## Problem statement
Exact transcription of the data below is required, without the images.

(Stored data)
/---
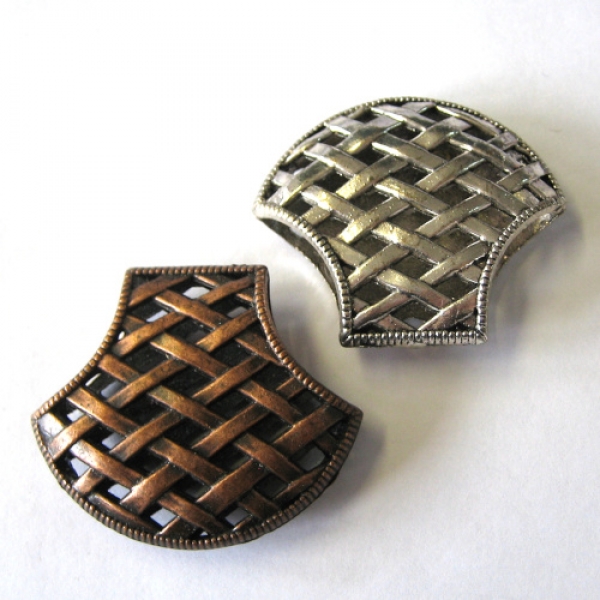 AH 0330 - Anhänger "Korbröhre" - alt-kupferfarben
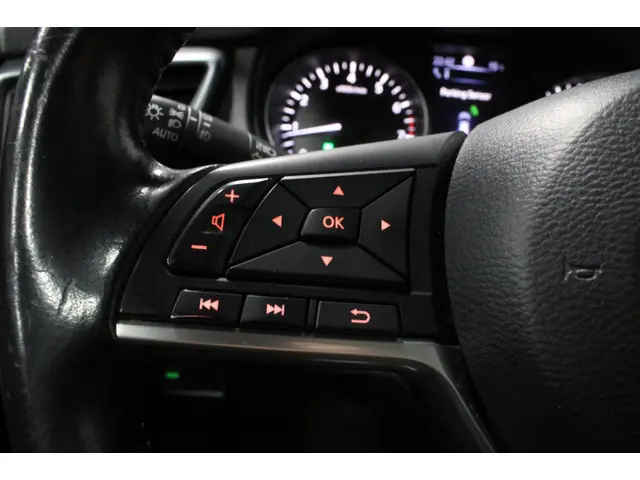 Nissan QASHQAI 1.2 Tekna + 2018 Benzine 34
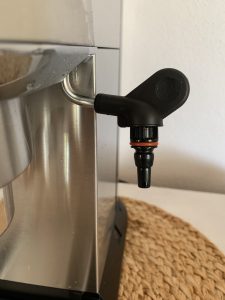 De'Longhi Dedica Style EC 685.M Kaffeepadmaschine Heißwasserdüse ohne Aufsatz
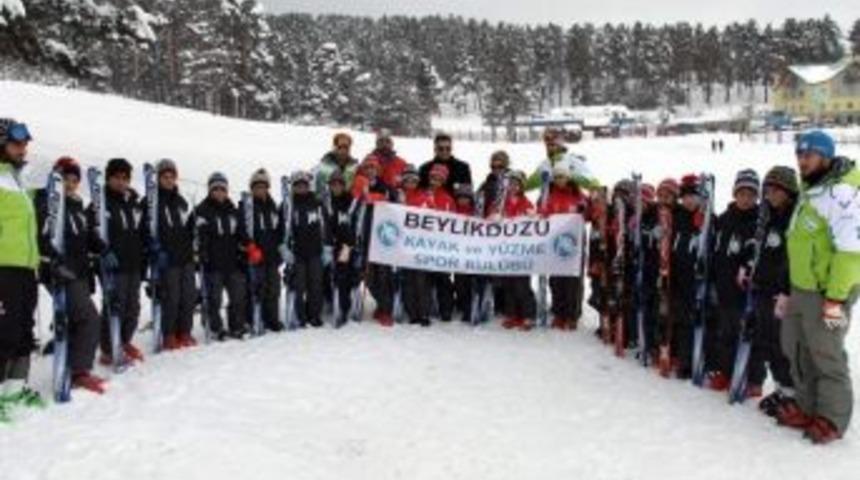 Sarıkamışlı &Ccedil;ocuklara Kayak Malzemesi Dağıtıldı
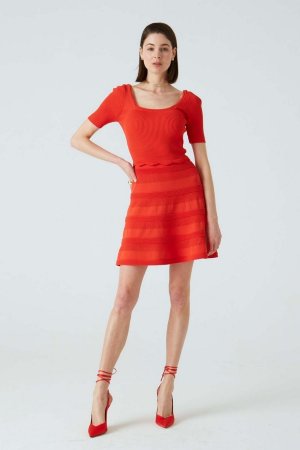 Оранжевое вязаное платье с квадратным вырезом и воланами JOIN US, оранжевый Us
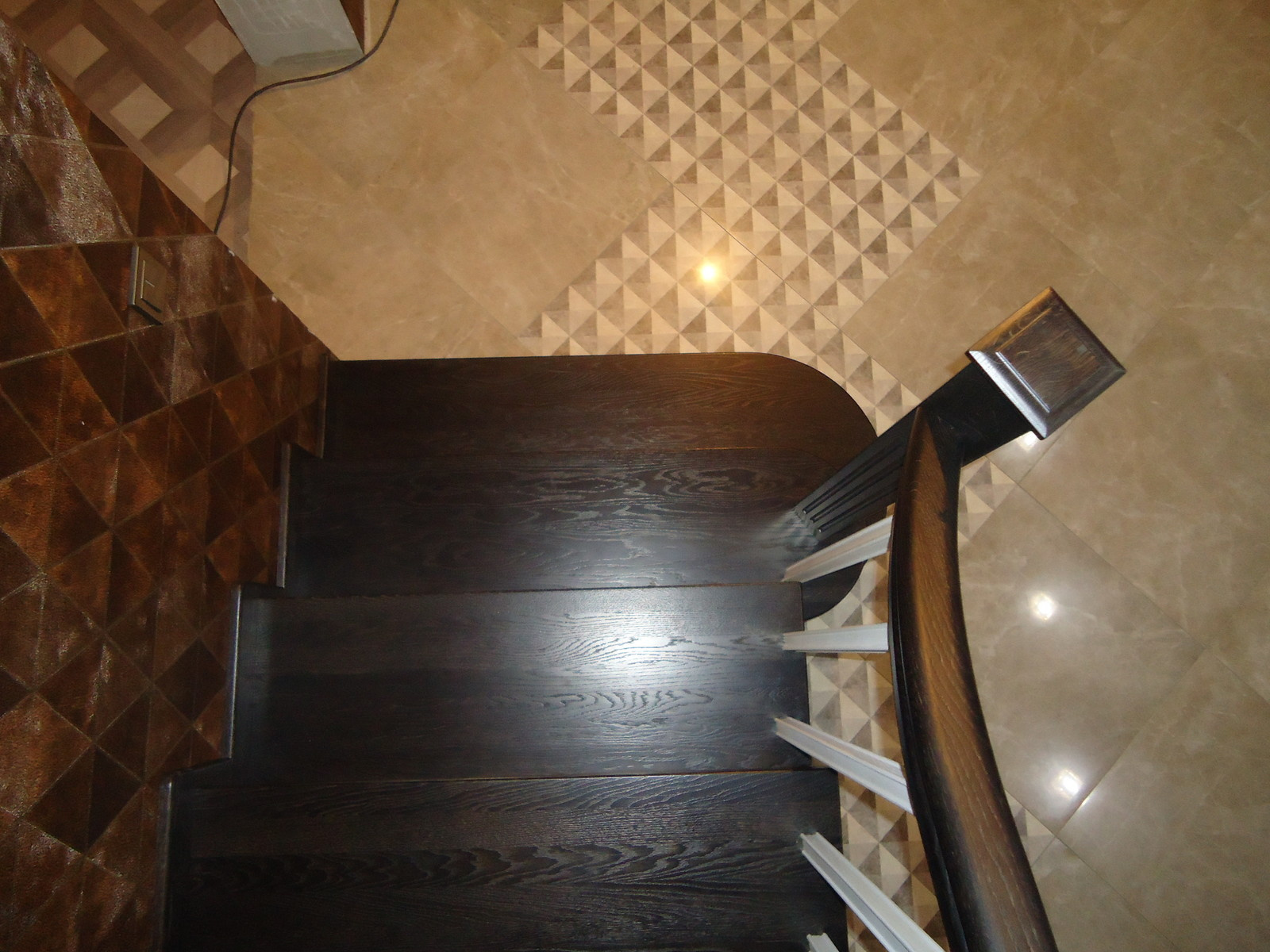 лестница из дуба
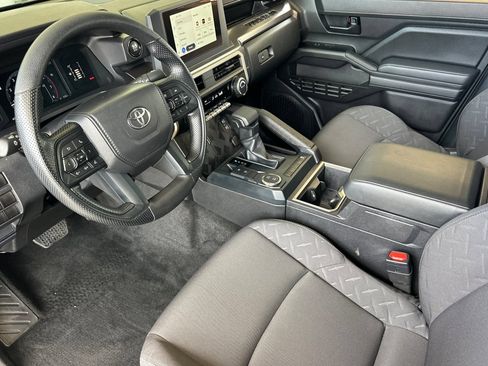 Used 2025 Toyota Tacoma SR5 RWD image 10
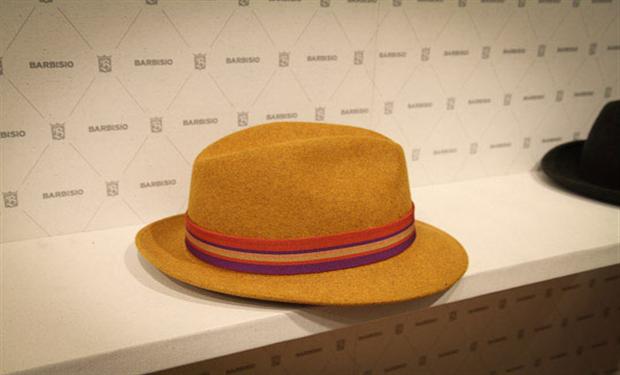 ألوان زاهية وألياف طبيعية .. أحدث صيحات قبعات صيف 2012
\---
## Completed task
 AH 0330 - Anhänger "Korbröhre" - alt-kupferfarben
 Nissan QASHQAI 1.2 Tekna + 2018 Benzine 34
 De'Longhi Dedica Style EC 685.M Kaffeepadmaschine Heißwasserdüse ohne Aufsatz
 Sarıkamışlı &Ccedil;ocuklara Kayak Malzemesi Dağıtıldı
 Оранжевое вязаное платье с квадратным вырезом и воланами JOIN US, оранжевый Us
 лестница из дуба
 Used 2025 Toyota Tacoma SR5 RWD image 10
 ألوان زاهية وألياف طبيعية .. أحدث صيحات قبعات صيف 2012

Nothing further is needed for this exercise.